===== SUPPLIED RECORDS

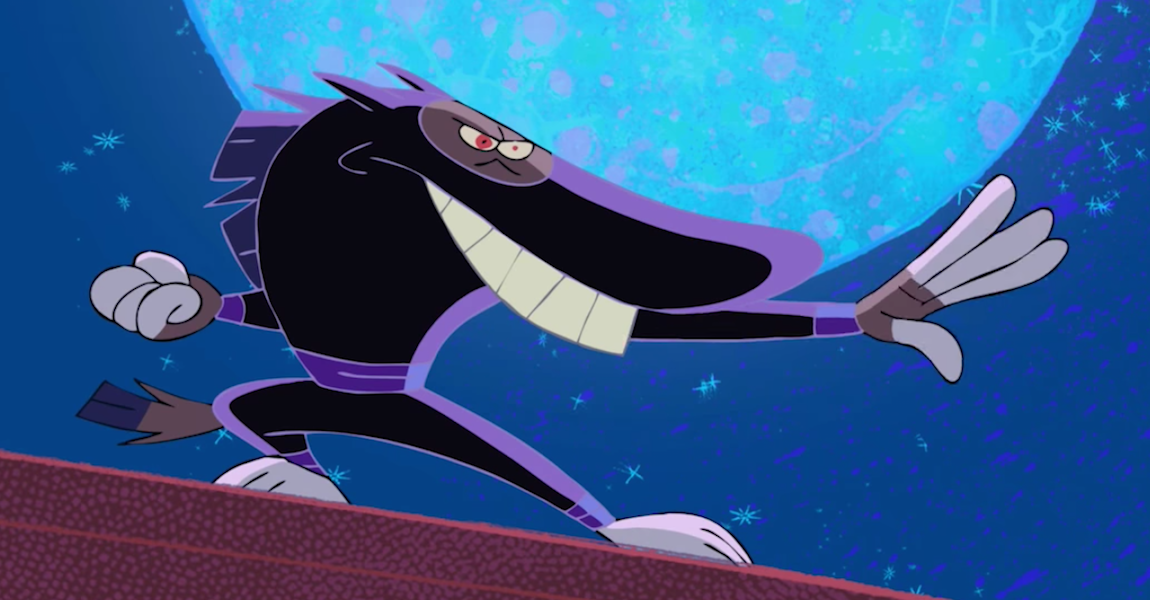 Zig (Zig & Sharko), Fictional Characters Wiki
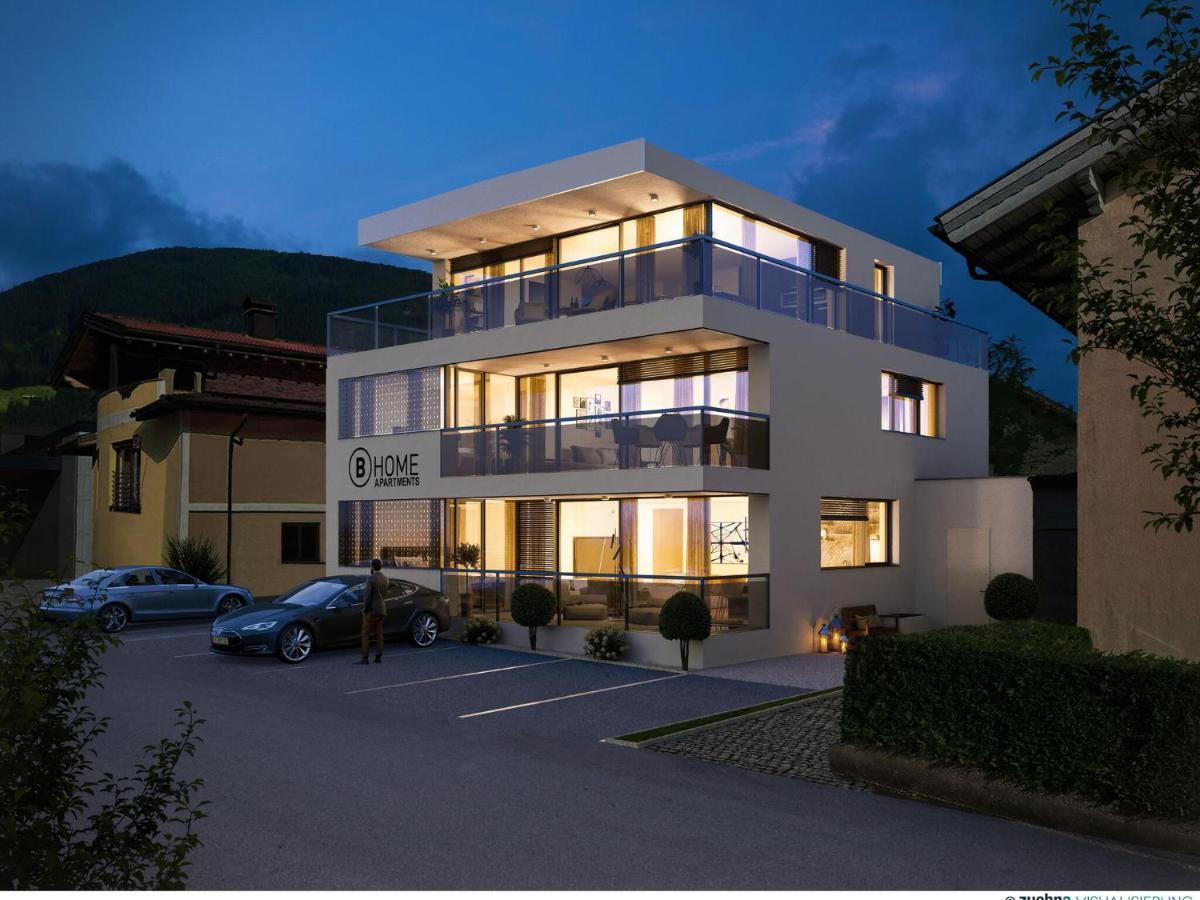 Apartments B-Home, Bramberg Am Wildkogel Ngoại thất bức ảnh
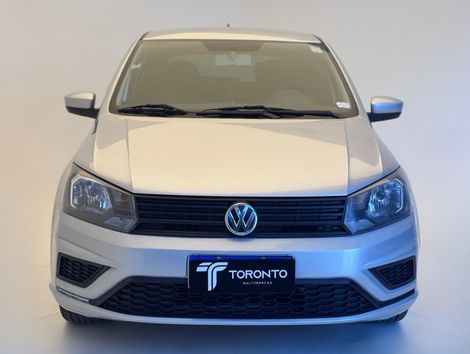 VolksWagen Gol 1.6 MSI Flex 8V 5p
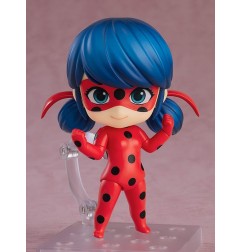 Miraculous : Tales Of Ladybug & Cat Noir - Figurine Nendoroid Ladybug 10 cm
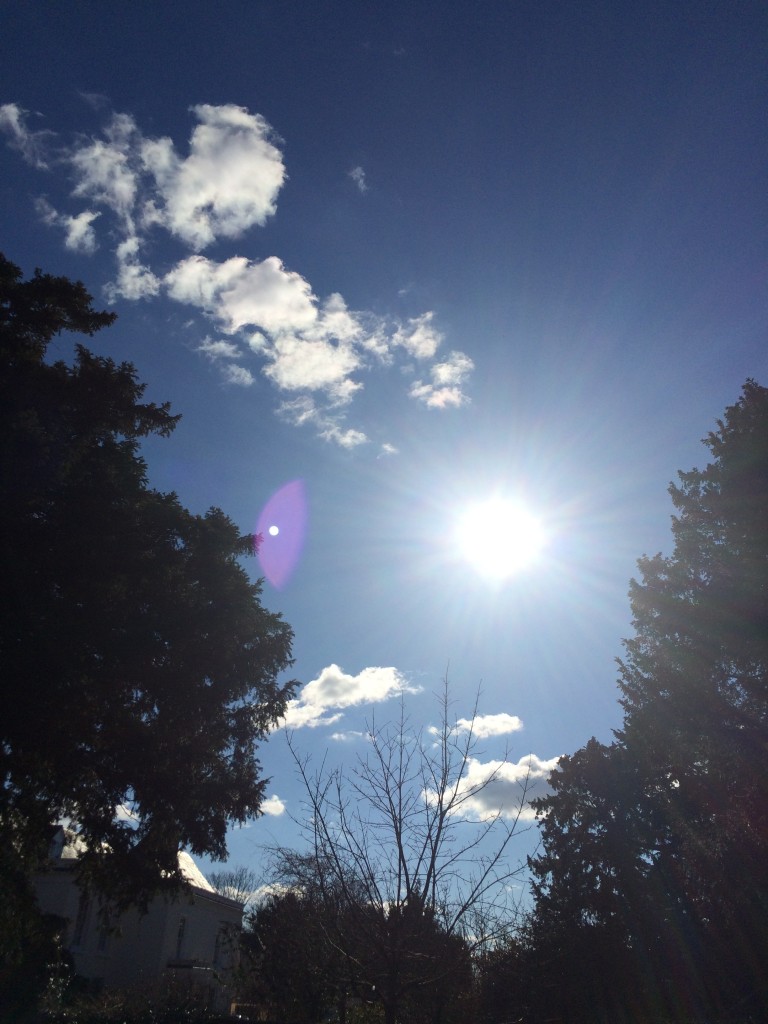 Sky, Clouds, Sun, Silent Sunday, My Sunday Photo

==========

Word for word, write out each line from the one with "Apartments B-Home, Bramberg" through the end of the entries above, and omit any pictures.

 Apartments B-Home, Bramberg Am Wildkogel Ngoại thất bức ảnh
 VolksWagen Gol 1.6 MSI Flex 8V 5p
 Miraculous : Tales Of Ladybug & Cat Noir - Figurine Nendoroid Ladybug 10 cm
 Sky, Clouds, Sun, Silent Sunday, My Sunday Photo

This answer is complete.